We are beginning siman 6, where the Chayei Adam will introduce a caveat to the concept of psik reisha. We know that a davar she’eino miskavein is muttar, but a psik reisha makes it assur and chayav. In this siman, the Chayei Adam further clarifies that the chiyuv is only if a person wants the outcome of the psik reisha. For example, if a person is washing their hands in their garden, even though their intent is not to water the ground, the result (that the ground gets watered) is beneficial to him. On the other hand, if the action takes place in someone else’s field, the person is not necessarily against the benefit, but is ambivalent about it. This is known as a psik reisha d’lo nicha lei. The consensus of most poskim is that a psik reisha d’lo nicha lei is still assur miderabanan, but the Aruch holds the person’s ambivalence moves the action from being a psik reisha back to being a davar she’eino miskavein, and therefore it is muttar. The other poskim who disagree will concede to the Aruch that the person’s ambivalence downgrades the action from being assur mideoraysa to patur but assur (ie, assur miderabanan). The Aruch was a 10th century talmid chochom in Rome who wrote a dictionary on many words in Shas. In his entries, in addition to translating the word, he often explains the Gemara from which the word or concept stems. The Aruch discusses psik reisha in two places. In both places, he explains that psik reisha only applies when a person is interested in the result. If a person does not care about the result, or specifically does not want the result, the halacha of psik reisha does not apply and it will be a davar she’eino miskavein and muttar. The poskim who disagree and hold it is still assur miderabanan have multiple Gemaras which imply that a psik reisha is still assur even when lo nicha lei. Regarding psak halacha, the Shulchan Aruch brings down the opinion of the Aruch as a second opinion, but it seems that the primary opinion is in accordance with the other poskim, that psik reisha d’lo nicha lei is not muttar. In the upcoming shiur, we will clarify whether there is a difference between a melacha deoraysa versus a melacha derabanan and whether we would differentiate between them. Summary
- Davar she’eino miskavein is the general Torah concept of performing one action with an unintended aveirah which may occur in addition. We pasken in accordance with Rav Shimon, that it is muttar
- However, if it is inevitable that the unintended aveirah will occur, it is called a psik reisha that the unintended action will occur, and one becomes chayav mideoraysa for causing that unintended assur action to occur.

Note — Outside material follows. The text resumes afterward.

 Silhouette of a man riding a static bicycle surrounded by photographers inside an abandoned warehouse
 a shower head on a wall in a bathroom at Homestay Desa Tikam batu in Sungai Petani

- If it is karov l’psik reisha, many consider it a psik reisha; however, Rabbi Reingold’s mesorah is not to treat it as psik reisha but rather as a davar she’eino miskavein.
- A safeik l’she’avar is treated like a psik reisha when the safeik is a safeik deoraysa. When the safeik is a safeik derabanan, some are meikil to treat it like a davar she’eino miskavein
- If the psik reisha is lo nicha lei, we still pasken it is assur miderabanan, although the Aruch holds it is becomes muttar.